Como era de esperarse, el potencial de las posibilidades y combinaciones dentro del sistema tonal era tan grande que el siglo XIX fue testigo de un desarrollo del sistema armónico sin precedentes. Las nuevas disonancias que exploraba un compositor, dentro de un determinado estilo, una vez incorporadas a las prácticas musicales ―y al «oído colectivo»― servían ya de base para la construcción de nuevas y más complejas estructuras tonales. En palabras de Schönberg, «el oído se fue familiarizando gradualmente con gran número de disonancias, hasta que llegó a perder el miedo a su efecto “perturbador”»[11]. Ya en 1858, Richard Wagner llevó estas posibilidades hacia un primer límite, cuando en el preludio de su ópera Tristán e Isolda (una obra, por cierto, esencial en la reflexión adorniana) planteó una progresión armónica que desafió todos los esquemas preexistentes[12]. La exploración continuó, no sólo con los compositores postrománticos, como Bruckner o Strauss, sino también entre los impresionistas que ―en paralelo con la creciente disolución de la perspectiva en la pintura― buscaron desdibujar la hegemonía del centro tonal, a través del uso cada vez más acumulativo de progresiones disonantes. Aunque las posibilidades que ofrece el marco armónico tonal parecían infinitas, sus límites empezaron a entreverse hacia finales del XIX, para consolidarse como un muro infranqueable ya en la aurora del nuevo siglo. Este ambiente de «fin de una era» que se respiraba en todos los ámbitos del arte, se refleja especialmente en las sinfonías de Gustav Mahler, obras que están llenas de alusiones a toda la tradición anterior, pero que, en su íntima esencia, apuntan ya a la ruptura inminente. El famoso Adagio de su Décima sinfonía¸ obra de 1911 que quedó inconclusa, es un símbolo de este límite que contempla el horizonte, como un Jano bifronte, entre el pasado y el futuro. El movimiento, en su cúspide, estalla en una disonancia en la que resuenan casi todas las doce notas de la escala, anticipando así la serie dodecafónica: el terreno estaba preparado para un nuevo inicio.

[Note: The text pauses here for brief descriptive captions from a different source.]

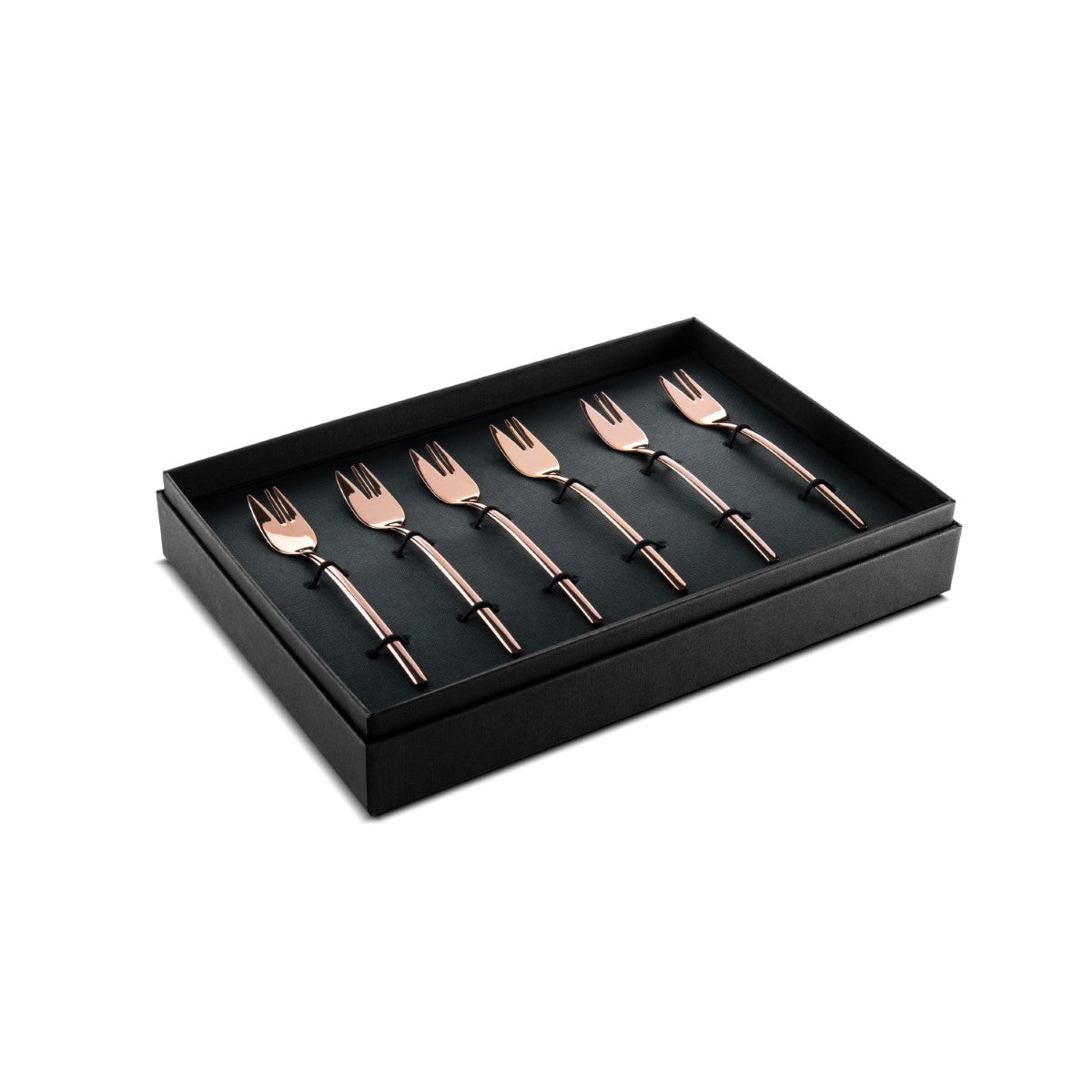 Set of rose gold forks in a black box on a white background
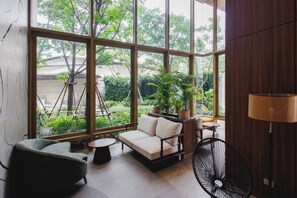 A modern interior with large windows, a sofa, a chair, a table, and a fan. - Suite Azure 2br | Laguna beachside bang tao beach (Choeng Thale)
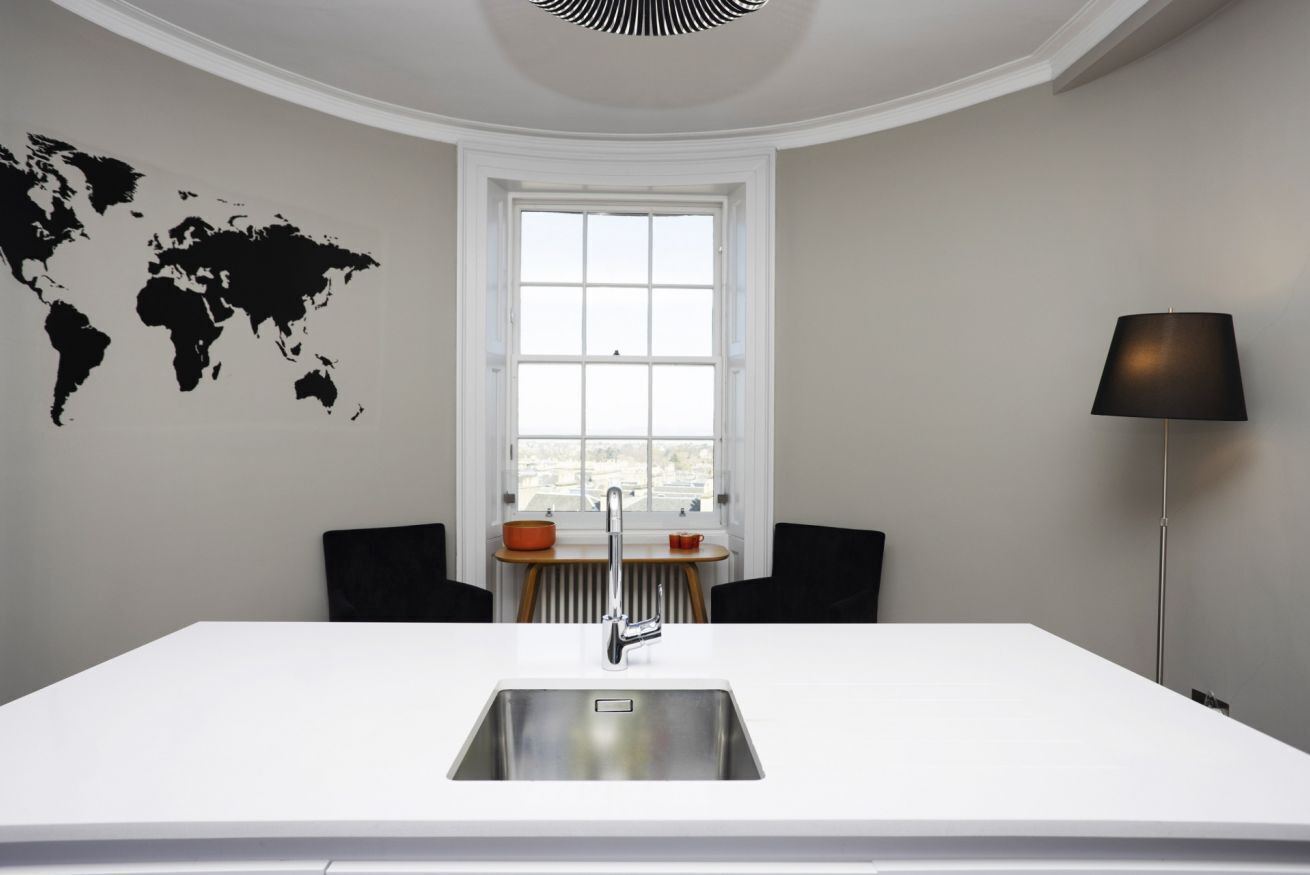 A modern kitchen with a white countertop, a stainless steel sink, a window with a view, a world map on the wall, and a floor lamp.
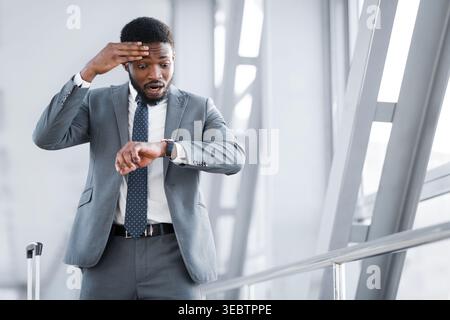 Flug. Geschäftsmann an Watch am Flughafen suchen Stockfoto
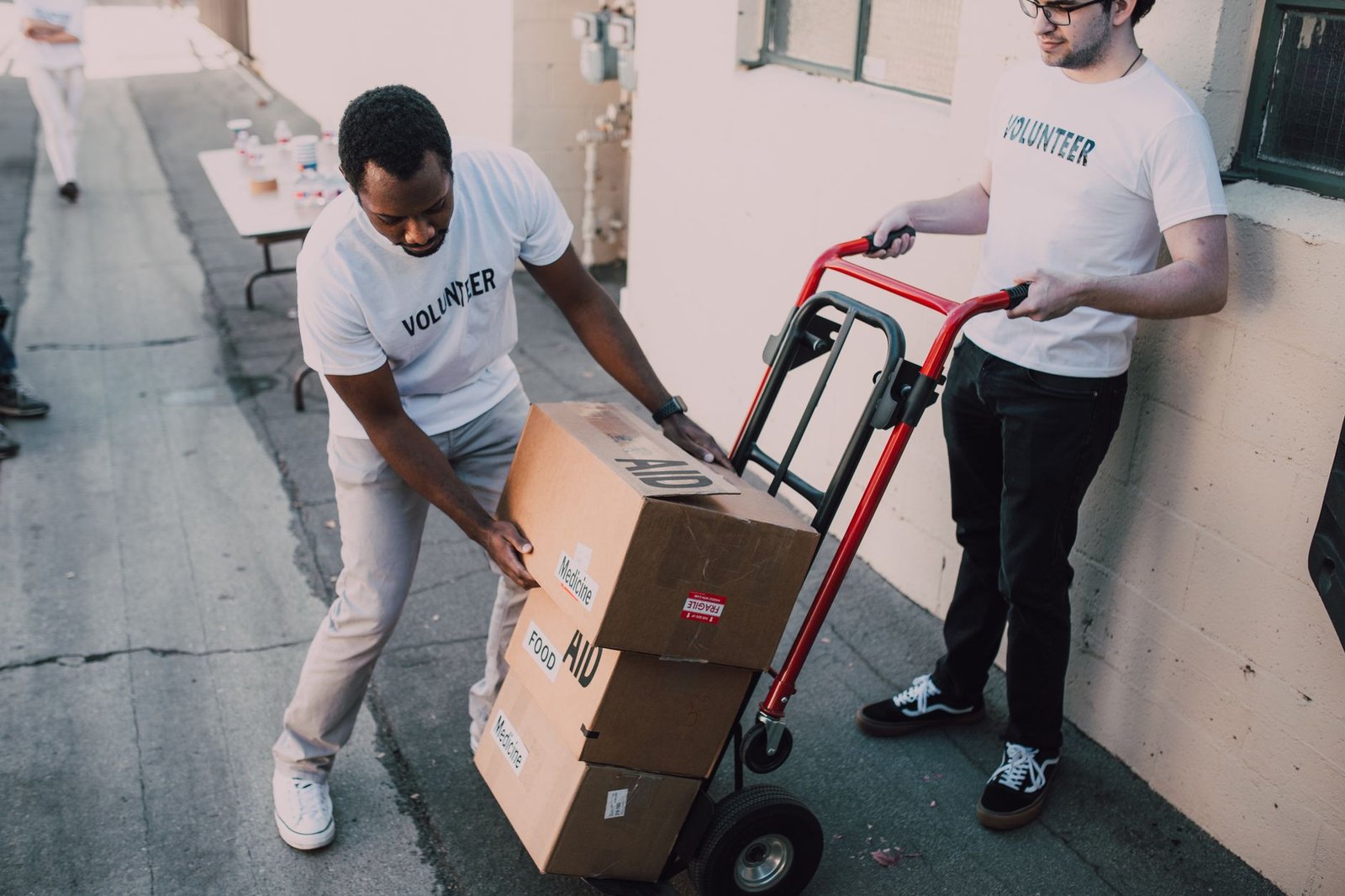 Volunteers move aid boxes for a charity event, emphasizing community support and social impact.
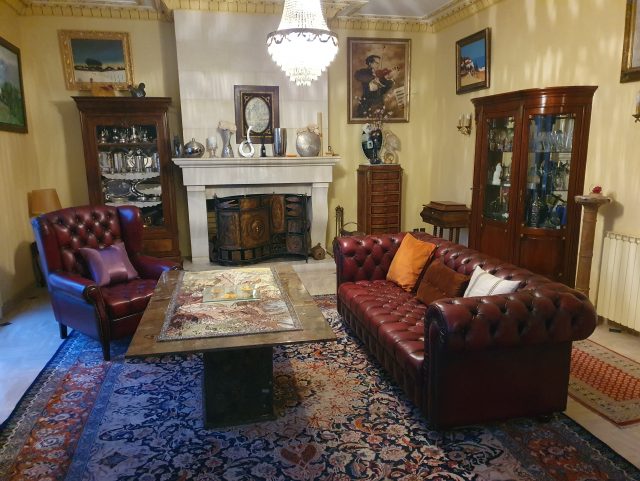 Salon Chesterfield fauteuil capitonné et canapé 3 places cuir rouge bordeaux marque Rochembeau devant une table basse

2.2 Schönberg y el sistema dodecafónico

Refiriéndose a este momento crucial, T. W. Adorno afirmó que «si la nueva música surgió a partir de los problemas técnicos de finales del siglo XIX, también es al mismo tiempo la respuesta a preguntas que entonces no encontraron ninguna»[13]. Teniendo en cuenta que las posibilidades de seguir componiendo dentro del marco de la tonalidad eran ya insostenibles, la problemática condujo a varios teóricos y compositores a plantear soluciones plausibles. Entre éstas, una de las propuestas más completas y coherentes fue la de Schönberg, para quien «El método de composición con doce sonidos surgió de una necesidad»[14]. Según el compositor austriaco, el concepto de tonalidad se fue extendiendo, hasta que «resultó dudoso que la tónica constituyese el centro permanente al que habría que corresponder toda armonía o sucesión armónica»[15]. Estas nuevas armonías, especialmente las de los impresionistas, se fueron convirtiendo «en elementos constructivos al incorporarlos a la función emocional»[16], conduciendo a una paulatina disolución de la tonalidad que, aunque se dio primero en la práctica, terminó siendo teorizada en un concepto que él bautizaría como «la emancipación de la disonancia»[17]. Adorno, por su parte, concibió este proceso como un «progresivo refinamiento de la conciencia interválica», que desde las evoluciones armónicas del Tristán «llevó más allá del croma romántico», confluyendo finalmente hacia «una independización de los doce tonos en virtud de toda la riqueza de las relaciones interválicas posibles entre ellos»[18]. Pero, como veremos más adelante, para el filósofo de Frankfurt la emancipación tiene muchos matices. Para él, en cierta forma, el sistema dodecafónico ancla con la tradición, en la medida en que continúa la creciente expresión de tensiones internas que ya en el Romanticismo había alcanzado ―en especial con Wagner, Bruckner y Mahler― su más alta cúspide: «Lo que sucede con los doce tonos ―afirma― sigue siempre teniendo algo de aquellas relaciones de tensión que el cromatismo romántico antaño soportó»[19]. El reto que se plantea a la nueva música es, pues, encontrar un lenguaje y una forma que lleve esas relaciones a otro nivel, ya que «Si la música avanzada es más que bricolaje se decide según si conforma estas relaciones de tensión más radicalmente que el siglo XIX»[20].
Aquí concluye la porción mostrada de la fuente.